Exercise directions | Pictures are not part of the copy. Write out exactly the lines from the line with "New 2025 Chevrolet" through the end of the entries below.

Caption-style text data:
--------------------
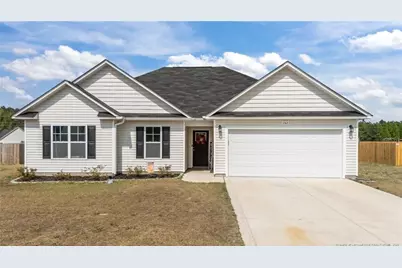 157 Presley Street, Raeford, NC 28376 - Photo 1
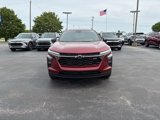 New 2025 Chevrolet Trax RS w/ Driver Confidence Package image 3
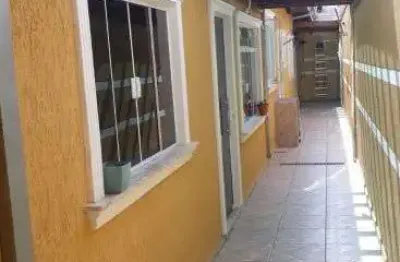 A casa mais bonita do j. cerejeirastérrea para venda com 90 metros quadrados com 2 quartos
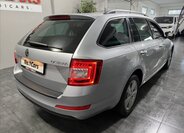 Škoda Octavia 5
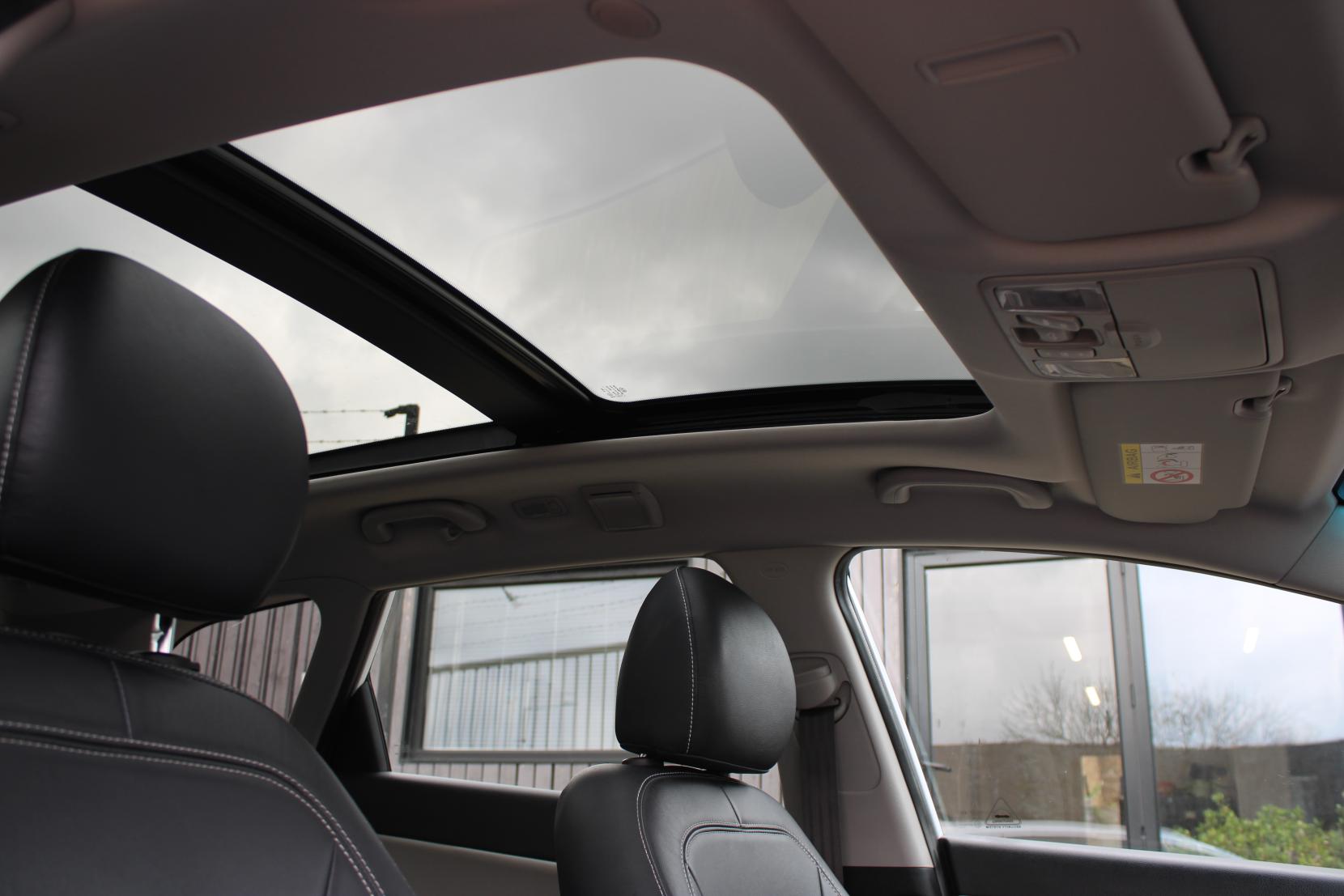 Kia Ceed 1.6 CRDi 4 Sportswagon 5dr Diesel Manual Euro 6 (s/s) (134 bhp)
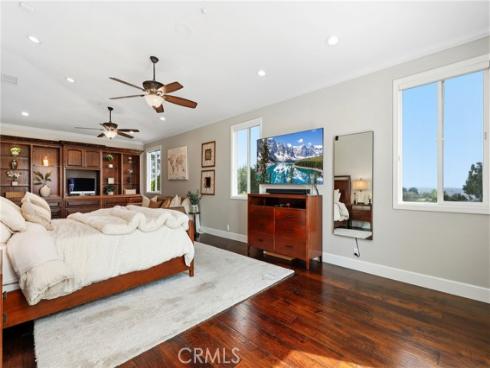 45  Panorama  , Coto de Caza, CA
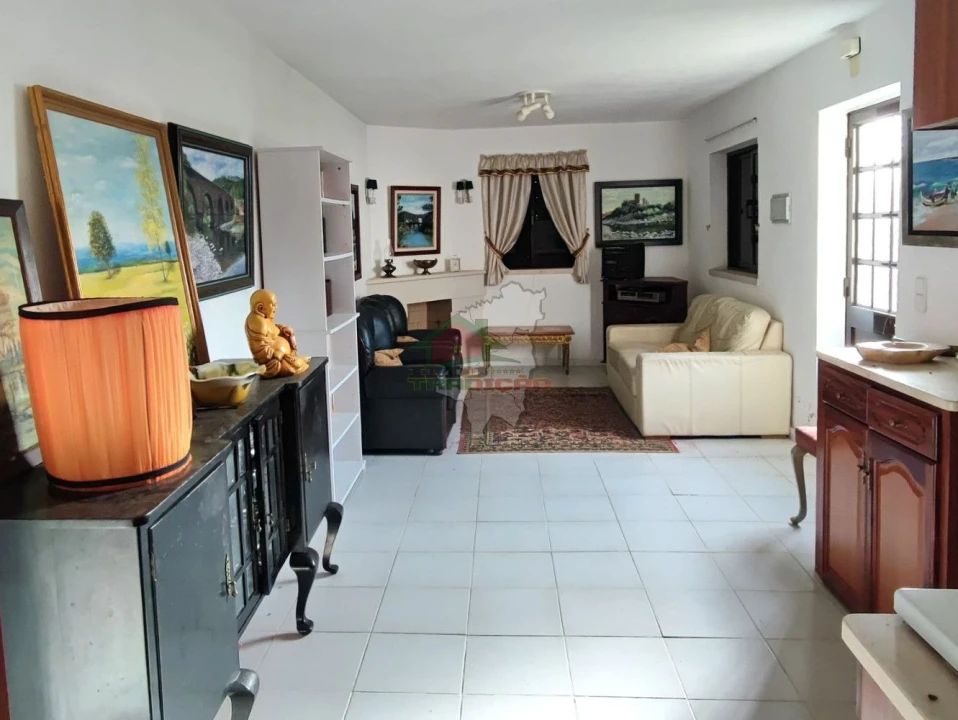 Moradia T6 para Venda em Cumeada e Marmeleiro Foto 31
--------------------
Exercise response |
 New 2025 Chevrolet Trax RS w/ Driver Confidence Package image 3
 A casa mais bonita do j. cerejeirastérrea para venda com 90 metros quadrados com 2 quartos
 Škoda Octavia 5
 Kia Ceed 1.6 CRDi 4 Sportswagon 5dr Diesel Manual Euro 6 (s/s) (134 bhp)
 45  Panorama  , Coto de Caza, CA
 Moradia T6 para Venda em Cumeada e Marmeleiro Foto 31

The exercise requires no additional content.